EXERCISE:
Write out every entry, unchanged. Skip any picture.

Short text fragments from websites:

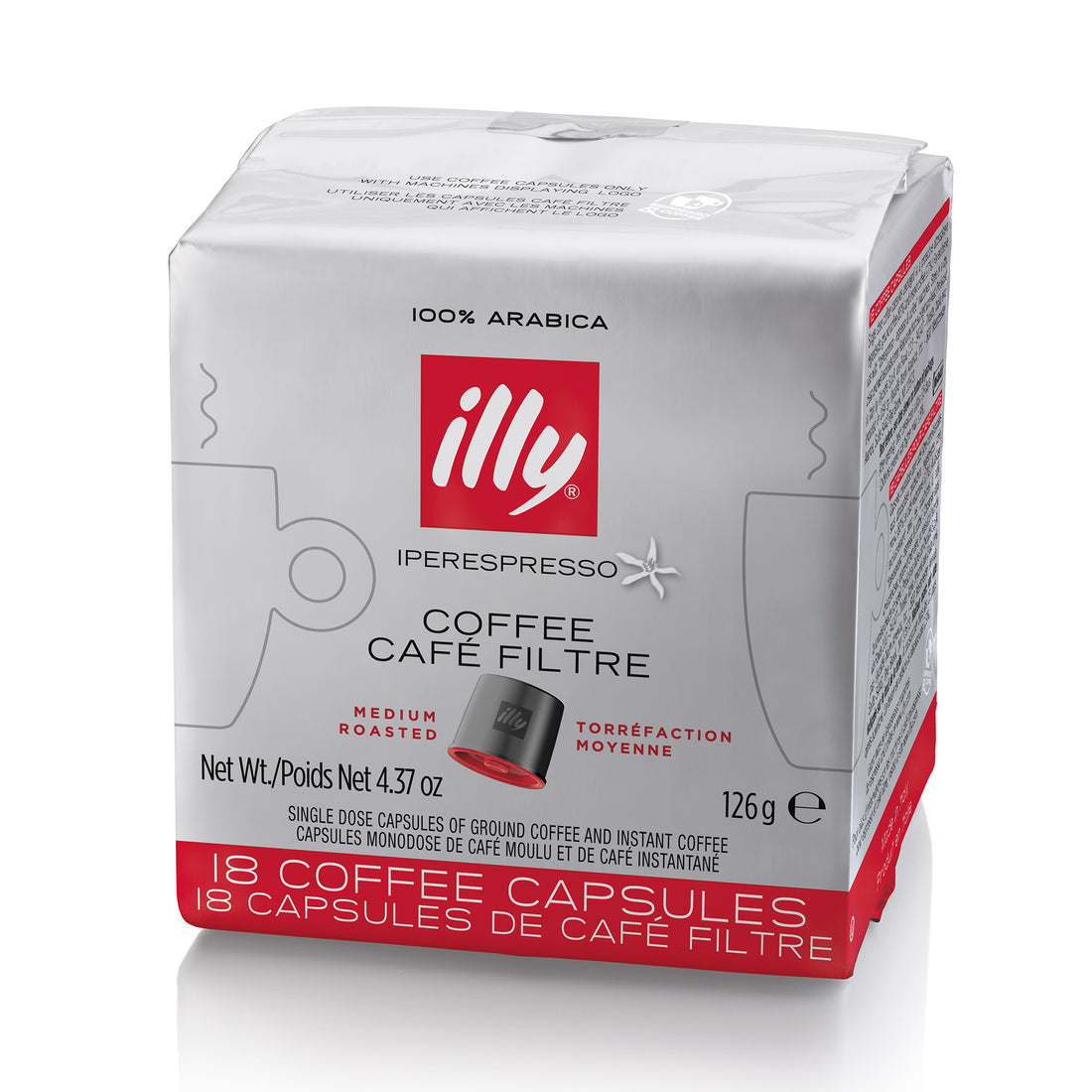 Illy Medium Roast Drip Capsule Cube 18 Count Base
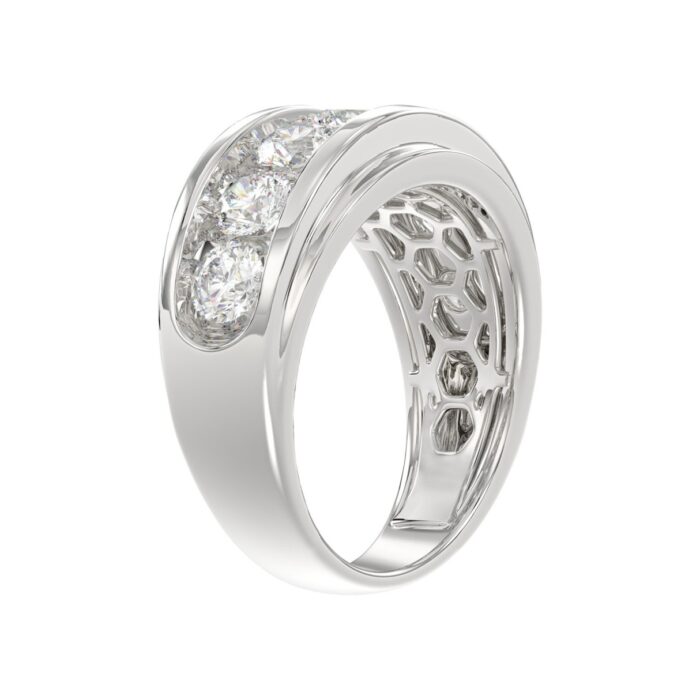Elegant 14K White Gold 3.00Ct Men's Round Cut Lab Grown Diamond Band - Image 3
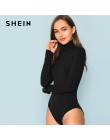 SHEIN negro Oficina señora elegante de cuello alto de punto de brezo Delgado sólido mediados de la cintura Bodysuit 2018 otoño C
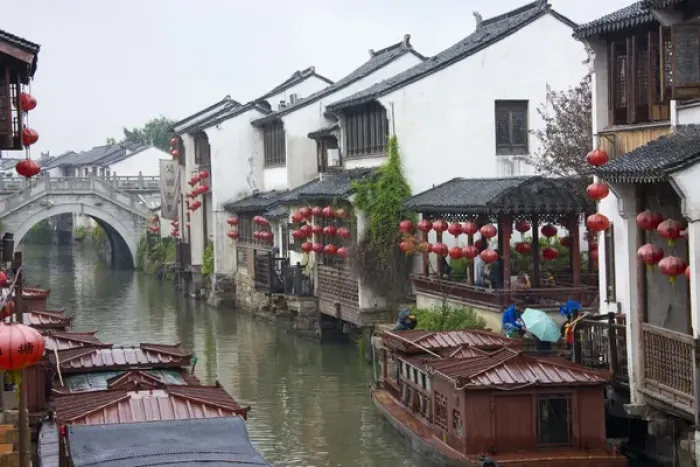Framed Print : Old houses along the Grand Canal in Shantang street, old town of Suzhou, Jiangsu, China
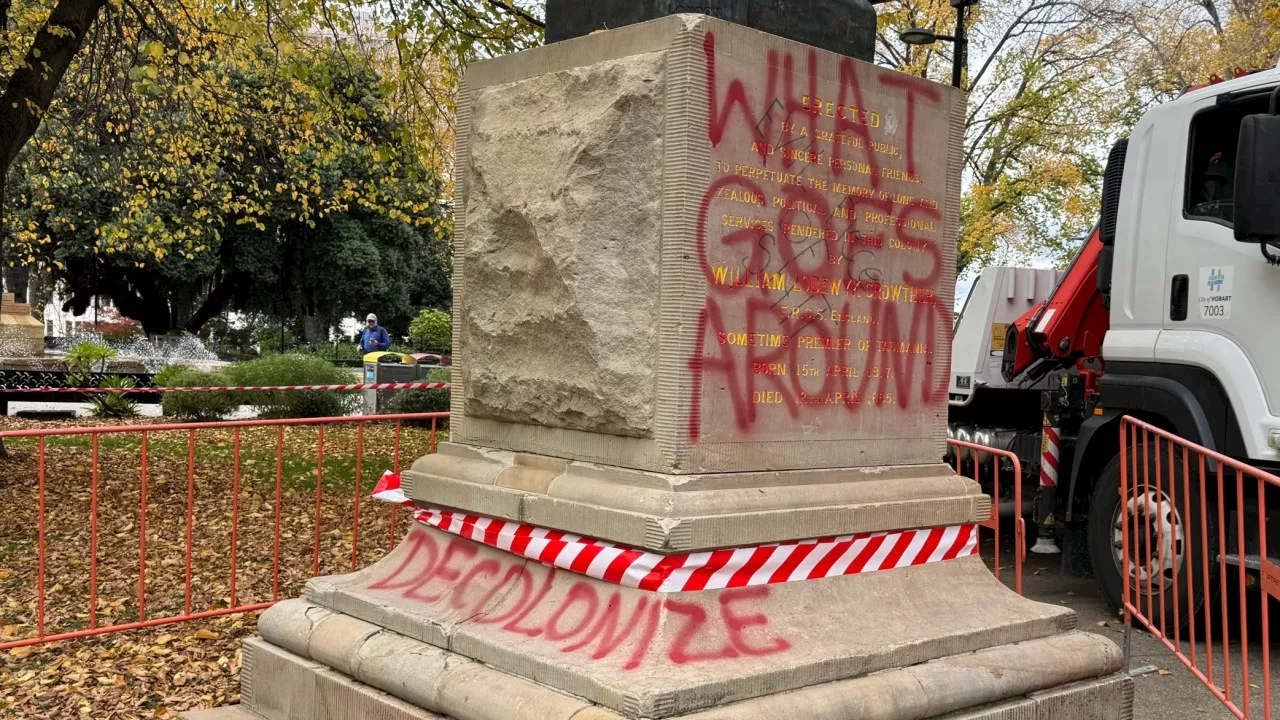 Colonial-era Tasmanian premier’s statue toppled, vandalised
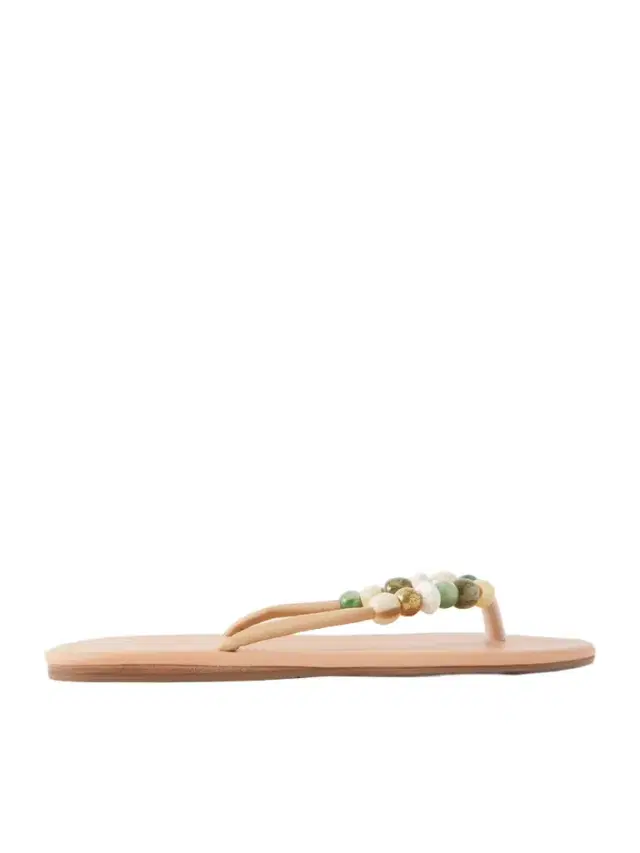 Ancient Greek Sandals Saionara Bead-embellished Leather Flip Flops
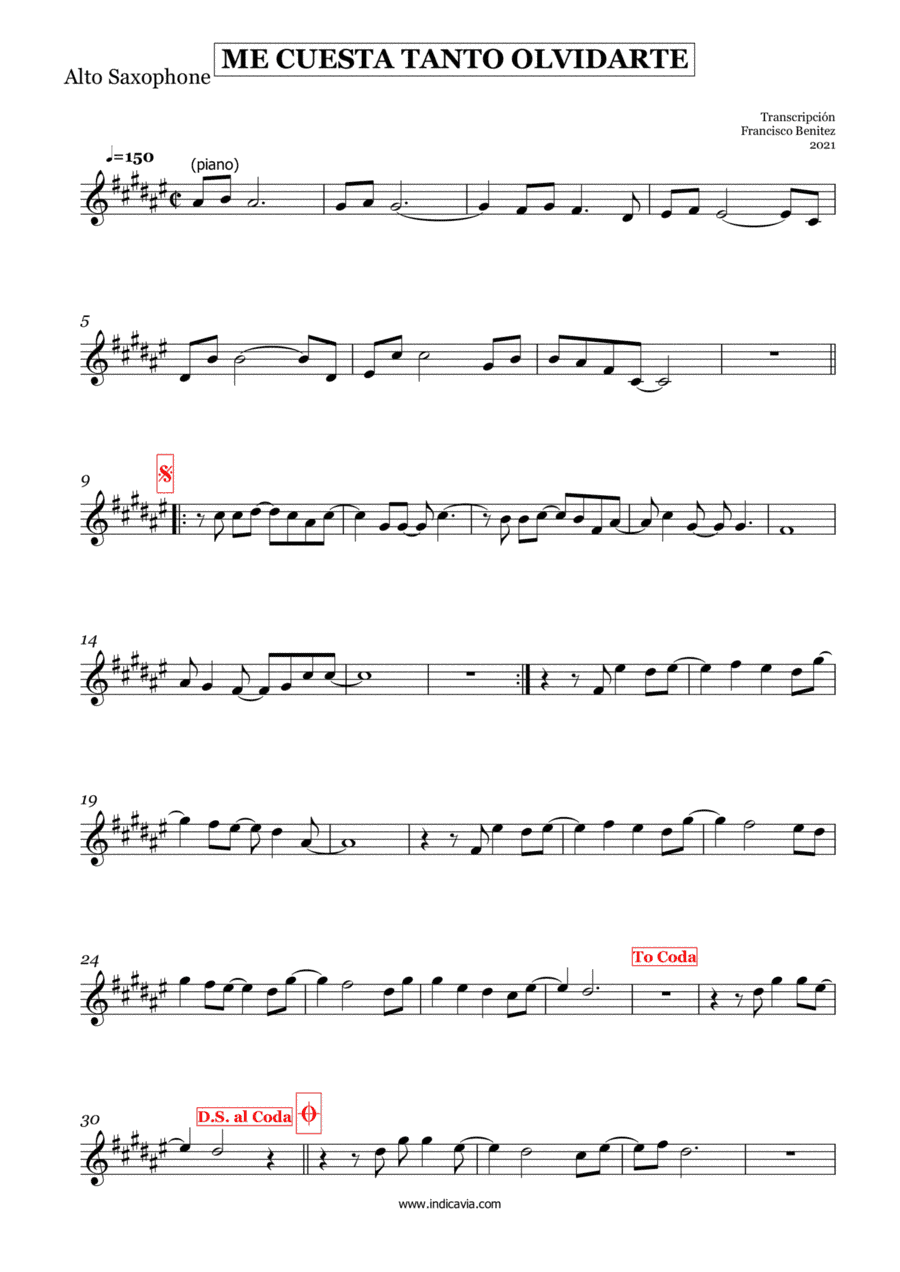 Me Cuesta Tanto Olivdarte (arr. Francisco Benitez)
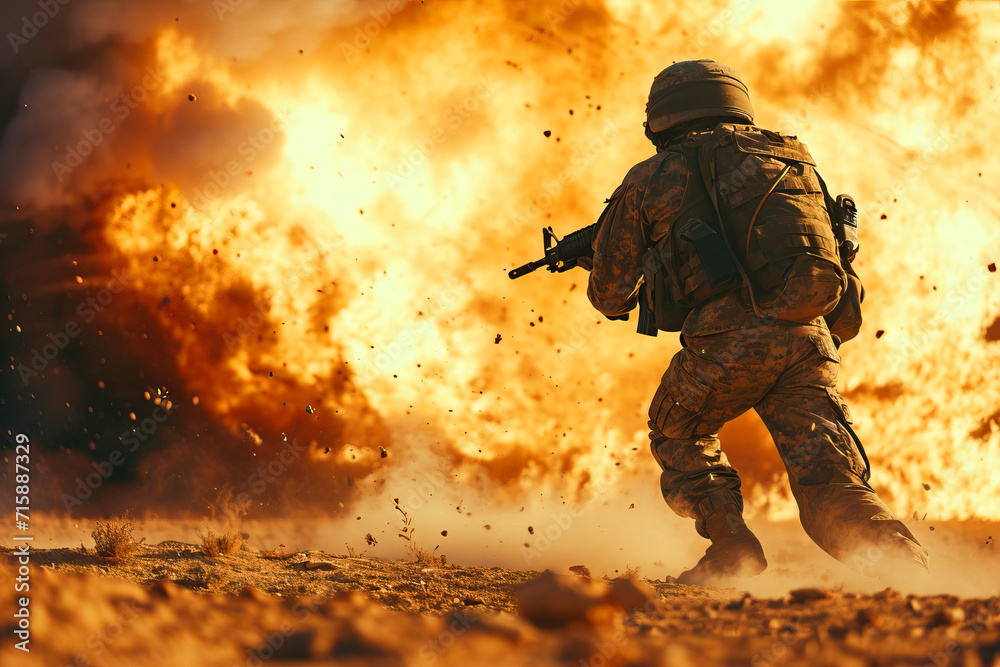 Military soldier with weapons run on fire during the war Military soldier with weapons run on fire during the war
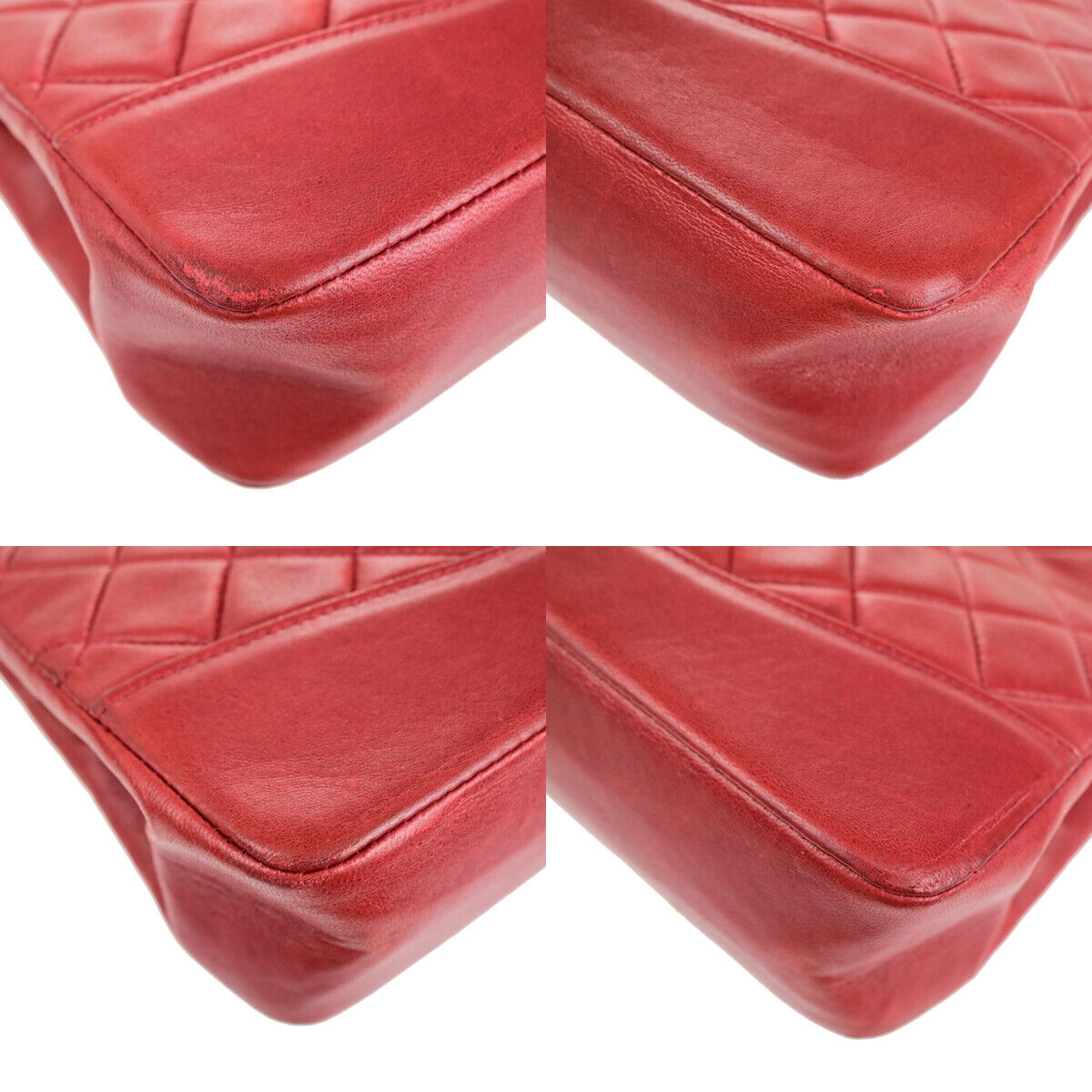 CHANEL CC Matelasse 2Way Chain Shoulder Hand Bag Leather RD GHW Vintage 642RK694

PROBLEM SOLUTION:
 Illy Medium Roast Drip Capsule Cube 18 Count Base
Elegant 14K White Gold 3.00Ct Men's Round Cut Lab Grown Diamond Band - Image 3
 SHEIN negro Oficina señora elegante de cuello alto de punto de brezo Delgado sólido mediados de la cintura Bodysuit 2018 otoño C
Framed Print : Old houses along the Grand Canal in Shantang street, old town of Suzhou, Jiangsu, China
 Colonial-era Tasmanian premier’s statue toppled, vandalised
 Ancient Greek Sandals Saionara Bead-embellished Leather Flip Flops
 Me Cuesta Tanto Olivdarte (arr. Francisco Benitez)
 Military soldier with weapons run on fire during the war Military soldier with weapons run on fire during the war
 CHANEL CC Matelasse 2Way Chain Shoulder Hand Bag Leather RD GHW Vintage 642RK694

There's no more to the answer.